I’ve recently been chatting with folks from Synopsys and Concertio, and now my head is so full of “stuff” regarding things like hyper-convergent chip design, reliability analysis, real-time performance optimization, and silicon lifecycle management that I don’t know whether I’m coming or going.

I’ve told this tale before (and I’ll doubtless tell it again), but when I worked on my first digital ASIC design circa 1980 at International Computers Limited (ICL) in Manchester, England, the only design tools I had at my disposal were pencils, paper, data books, and my poor old noggin. Of course, the ASICs in question were implemented at the 5-micron technology node and boasted only a couple of hundred equivalent logic gates, but — still and all — they could be tricky little rascals if you didn’t keep a beady eye on them.

Functional verification involved the rest of the team looking at your gate- and register-level schematics and asking pointed questions like “What’s this bit do” and “Why did you do it that way?” Once you’d answered these questions to their satisfaction, you moved on to timing verification. This involved your identifying any critical paths by eye, and then calculating and summing the delays associated with those paths by hand (no one I knew owned so much as a humble 4-function electronic calculator).

Later, when I moved to a company called Cirrus Designs, and then on to its sister company called Cirrus Computers, both of which were eventually acquired by the American test equipment company GenRad, I got to work with HILO 2, which was one of the early digital logic simulators.

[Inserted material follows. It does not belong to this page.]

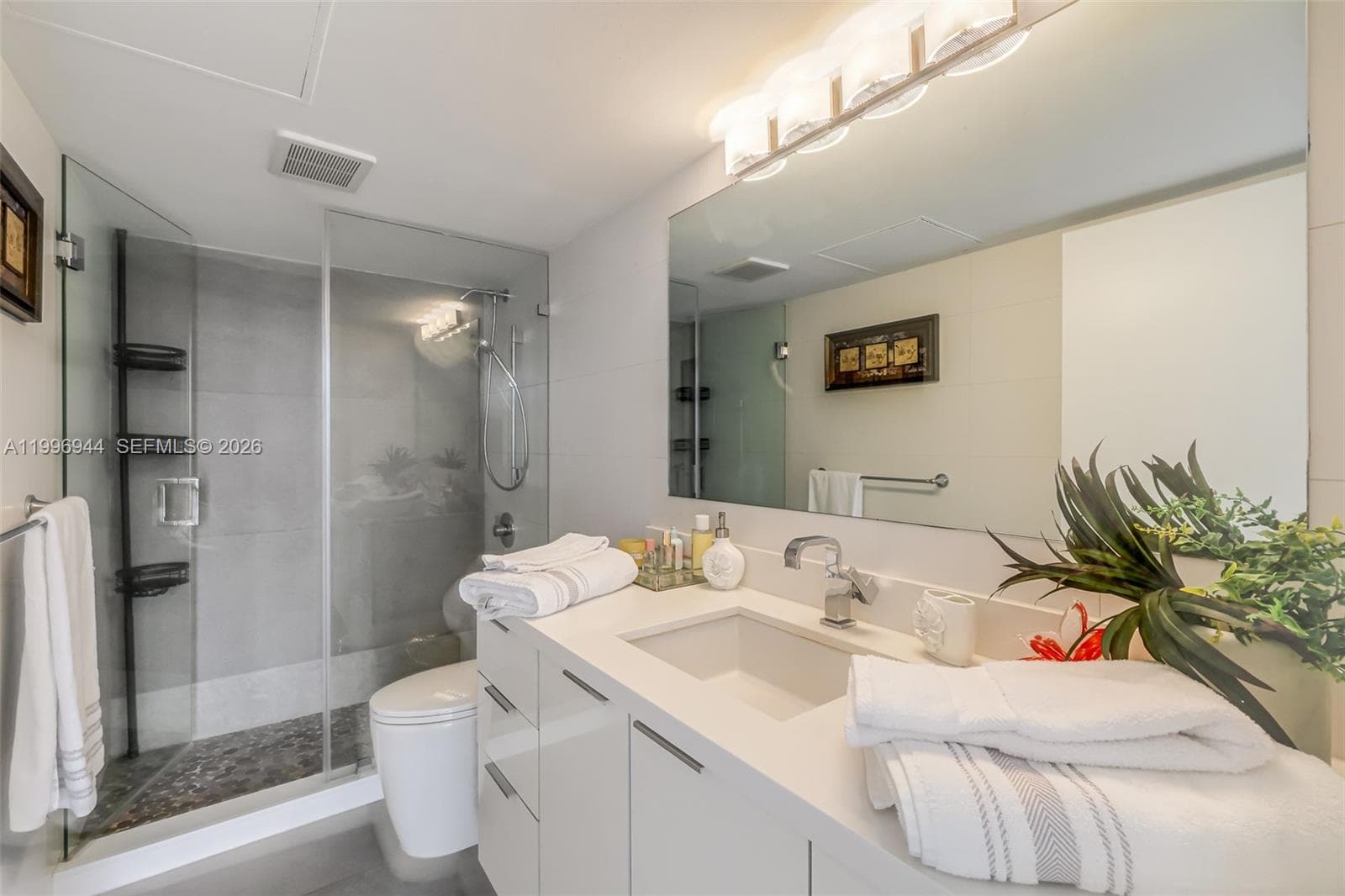 10275 Collins Ave # 722, Bal Harbour FL 33154 — 10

In fact, HILO-2 was the first true register transfer-level (RTL) simulator, although the term “RTL” had not yet been coined in those days of yore. This little scamp was extremely sophisticated for its time because it had three aspects to it: a logic simulator that could run using minimum (min), typical (typ), and maximum (max) delays; a fault simulator that could also run using min, typ, or max delays; and a dynamic timing simulator that could run using min-typ, typ-max, or min-max delay pairs.

I was particularly impressed with the dynamic timing simulator. Where the regular simulators would transition from 0 to 1 to 0 using the selected delay mode, the dynamic timing simulator would transition from 0 to “gone high don’t know when” to 1 to “gone low don’t know when” to 0, where the “don’t know when” states encompassed the relevant delay pair.

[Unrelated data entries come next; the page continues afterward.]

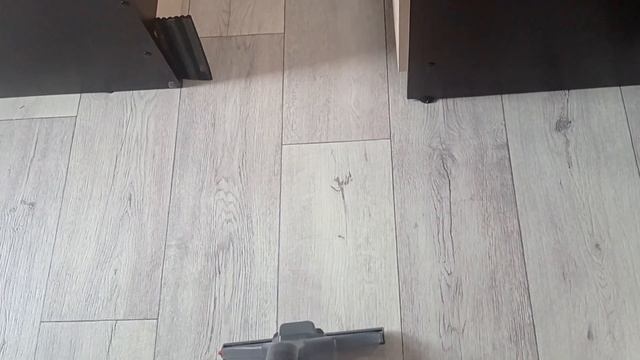 Мытьё пола Томасом смотреть онлайн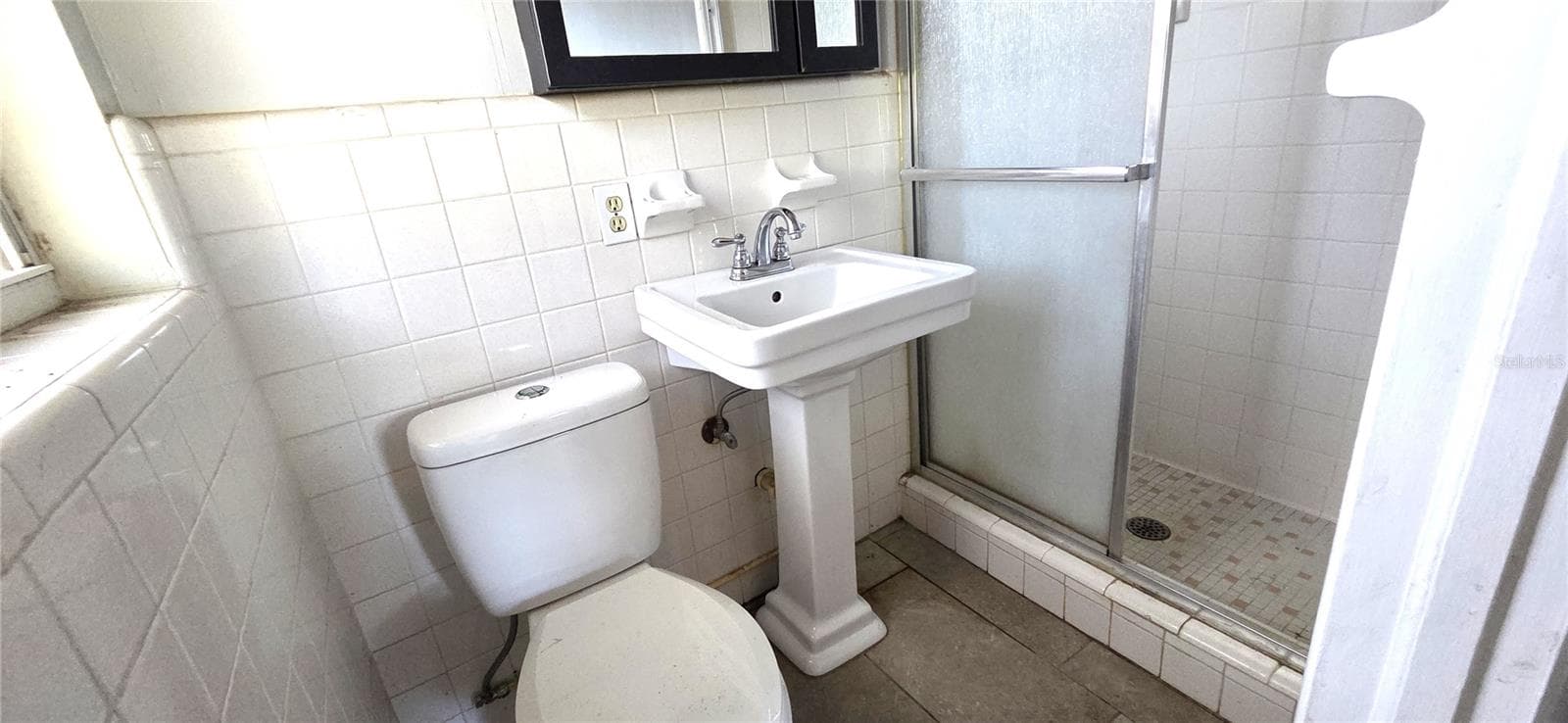Primary En-Suite Bathroom - 1921 SYLVESTER RD, LAKELAND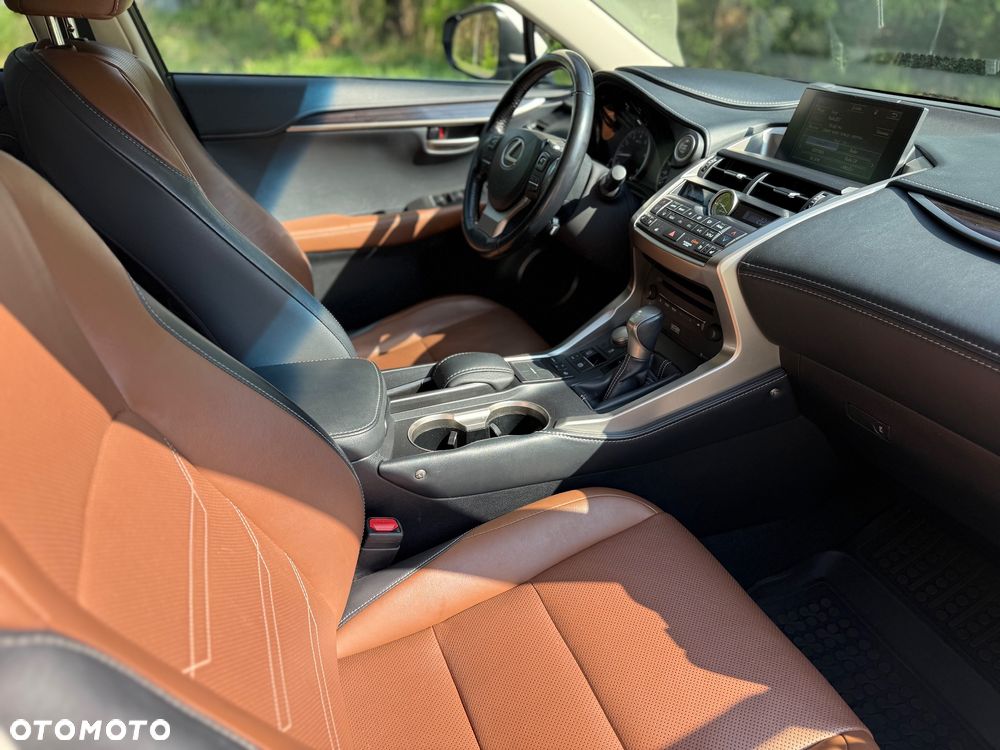 Lexus NX 200t Prestige AWD - 10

Although all of this took place only 30 to 40 years ago as I pen these words, I could never have envisaged the sorts of tools available to the design engineers of today. Of course, today’s design engineers need awesomely powerful and incredibly sophisticated tools because they are working with hyper-convergent designs and design flows. By hyper-convergent design, we are talking about things like a single die featuring a diverse set of analog, digital, and mixed-signal components, or a single package containing multiple dice that are potentially implemented on different process nodes. All of this involves larger and more complex circuits running at higher frequencies, the reduced margins and increased parasitics associated with advanced process nodes, and the need for faster, higher capacity accurate simulators.

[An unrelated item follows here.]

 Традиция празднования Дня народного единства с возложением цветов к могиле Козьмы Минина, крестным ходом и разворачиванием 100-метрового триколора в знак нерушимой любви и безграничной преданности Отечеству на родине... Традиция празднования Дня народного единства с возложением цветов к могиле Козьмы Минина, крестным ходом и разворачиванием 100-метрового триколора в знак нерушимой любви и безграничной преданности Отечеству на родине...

Meanwhile, a hyper-convergent design flow is based on a common data model that is shared by all of the tools in the flow. Having a common data model facilitates the sharing of information between different phases of the design, thereby reducing design iterations and time-to-market (TTM).

Reliability Analysis

Do you recall my recent column here on EE Journal regarding the book A Hands-On Guide to Designing Embedded Systems by Adam Taylor, Dan Binnun, and Saket Srivastava? If so, you may remember my saying: “Since Adam is one of the few people I know to successfully (and intentionally) have his FPGA-based designs launched into space, there’s a huge amount of material on the topic of reliability, including how to perform worst-case analysis and how to evaluate the reliability of the system.”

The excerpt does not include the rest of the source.